▶ WHAT THE TASK ASKS: Every record must come back unchanged, apart from the pictures, which are dropped.

= = =

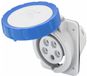 Gewiss prises en saillie 10° HP - IP66/IP67 - 3P+N+A 16A 200-250V 50/60HZ - BLEU - 9H - contacts à vis, GW62229H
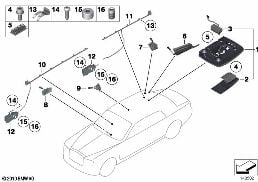 Vnitřní osvětlení diagram for BMW Rolls-Royce Phantom RR1 Phantom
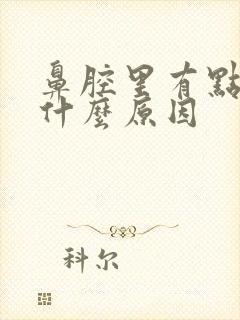 鼻腔里有点血是什么原因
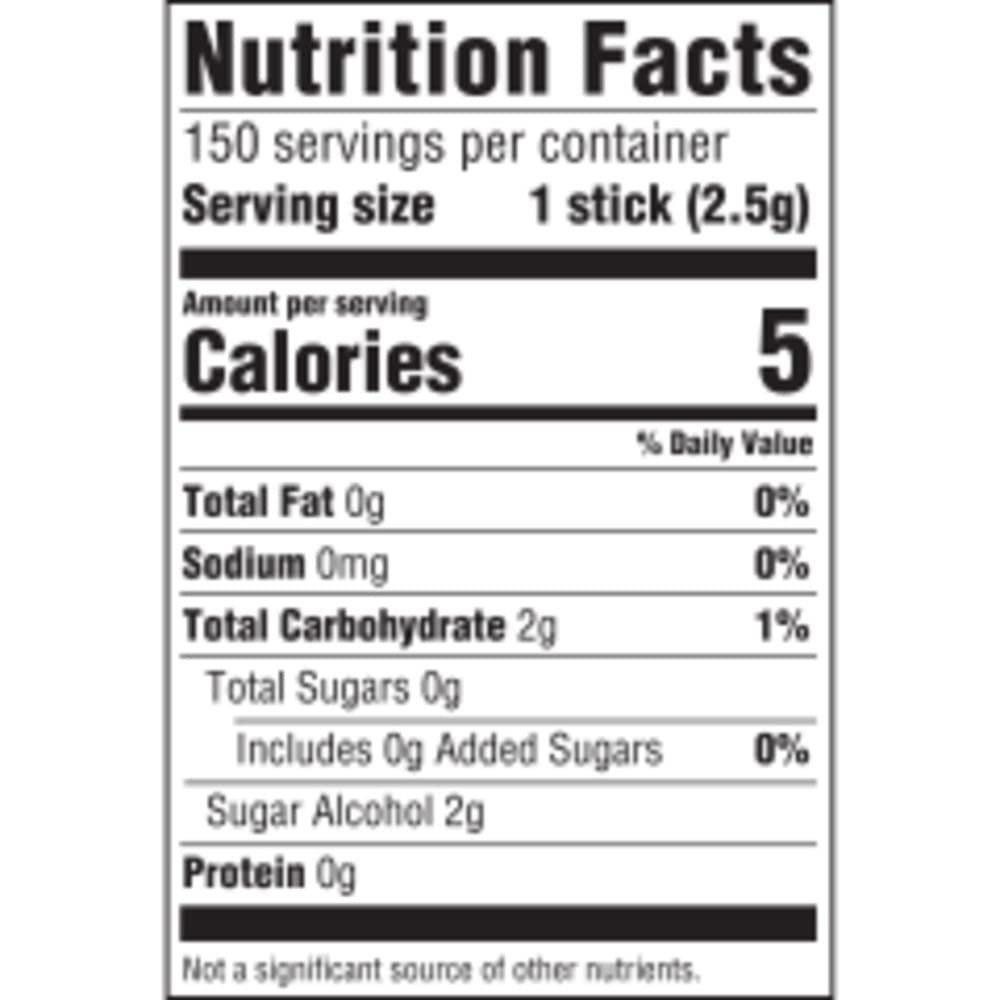 EXTRA Polar Ice Sugar Free Chewing Gum Bulk Strong Mint 15 Sticks 10 Pack
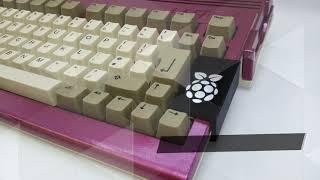 Modded Amiga 600 Raspberry Pi & Keyrah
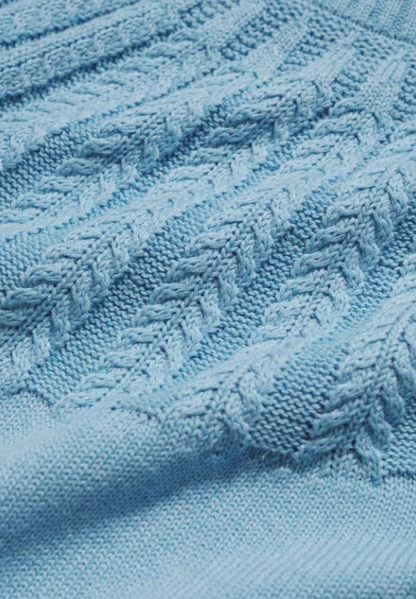 Seasalt Stone Chat Organic Cotton Jumper Spring Sky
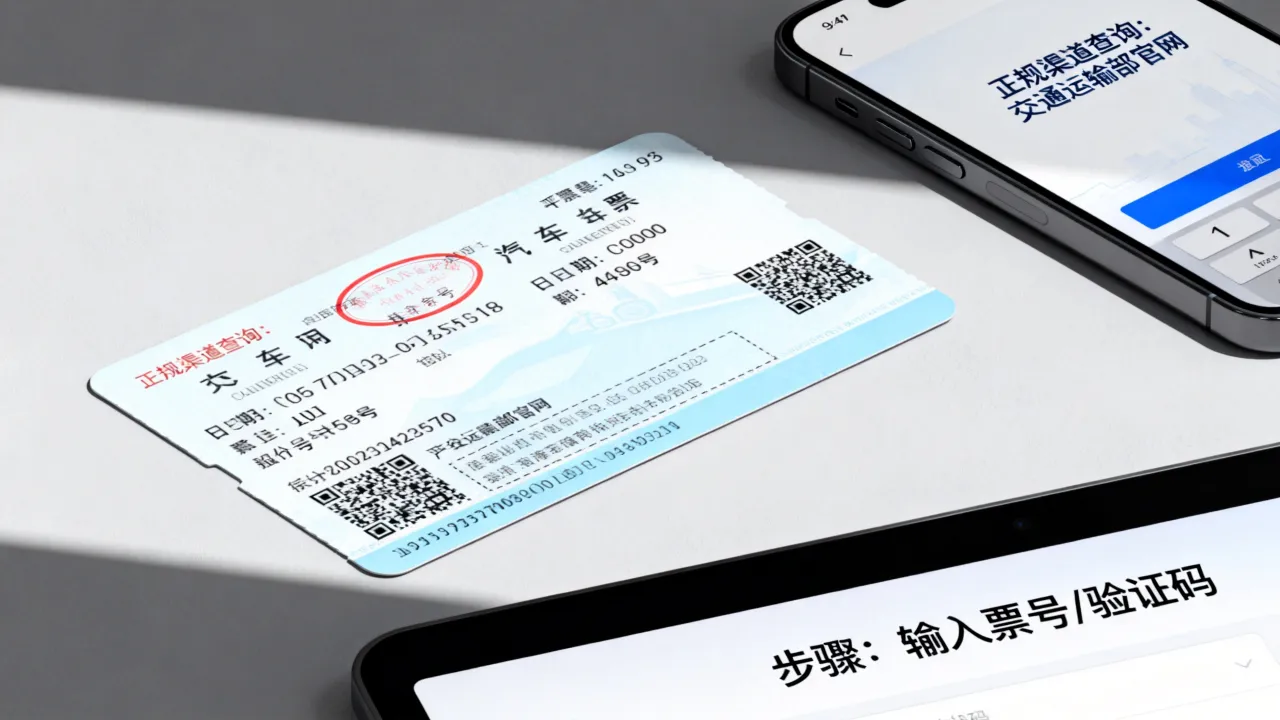汽车票如何查真伪，正规渠道查询汽车票真伪的网站有哪些
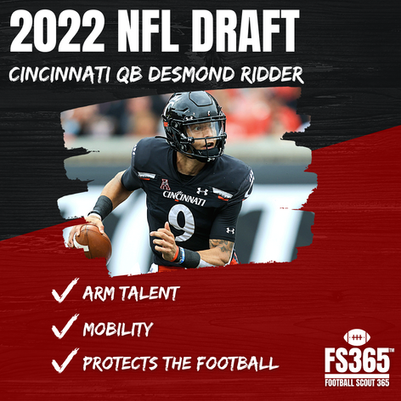 2022 NFL Draft Profile: Cincinnati QB Desmond Ridder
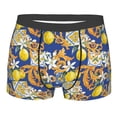 thumbnail image 5 of Uemuo Sicilian Style Pattern Men's Boxer Briefs,Trunk Anti-Chafing,Comfortable, Durable, and Stylish Underwear-, 5 of 9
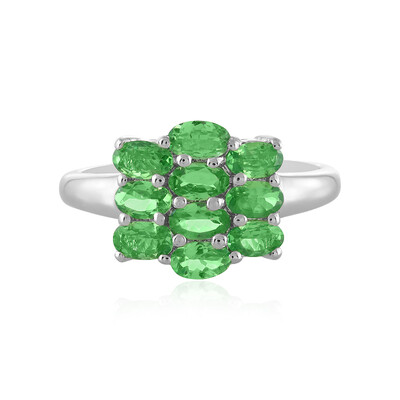 Anillo en plata con Tsavorita
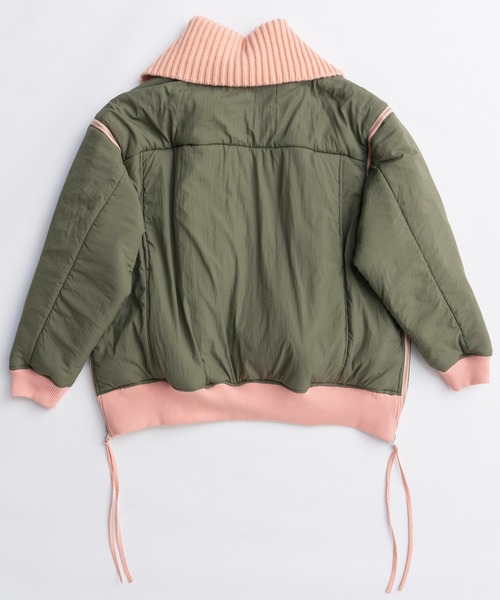 MAISON SPECIAL（メゾンスペシャル）の「Multiway Knit Collar MA-1/マルチウェイニットカラーMA-1（MA-1・レディース・ピンク/ブラウン/ブラック・FREE）」の15枚目の写真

= = =

▶ SOLUTION FOR THIS EXERCISE:
 Gewiss prises en saillie 10° HP - IP66/IP67 - 3P+N+A 16A 200-250V 50/60HZ - BLEU - 9H - contacts à vis, GW62229H
 Vnitřní osvětlení diagram for BMW Rolls-Royce Phantom RR1 Phantom
 鼻腔里有点血是什么原因
 EXTRA Polar Ice Sugar Free Chewing Gum Bulk Strong Mint 15 Sticks 10 Pack
 Modded Amiga 600 Raspberry Pi & Keyrah
 Seasalt Stone Chat Organic Cotton Jumper Spring Sky
汽车票如何查真伪，正规渠道查询汽车票真伪的网站有哪些
 2022 NFL Draft Profile: Cincinnati QB Desmond Ridder
 thumbnail image 5 of Uemuo Sicilian Style Pattern Men's Boxer Briefs,Trunk Anti-Chafing,Comfortable, Durable, and Stylish Underwear-, 5 of 9
 Anillo en plata con Tsavorita
 MAISON SPECIAL（メゾンスペシャル）の「Multiway Knit Collar MA-1/マルチウェイニットカラーMA-1（MA-1・レディース・ピンク/ブラウン/ブラック・FREE）」の15枚目の写真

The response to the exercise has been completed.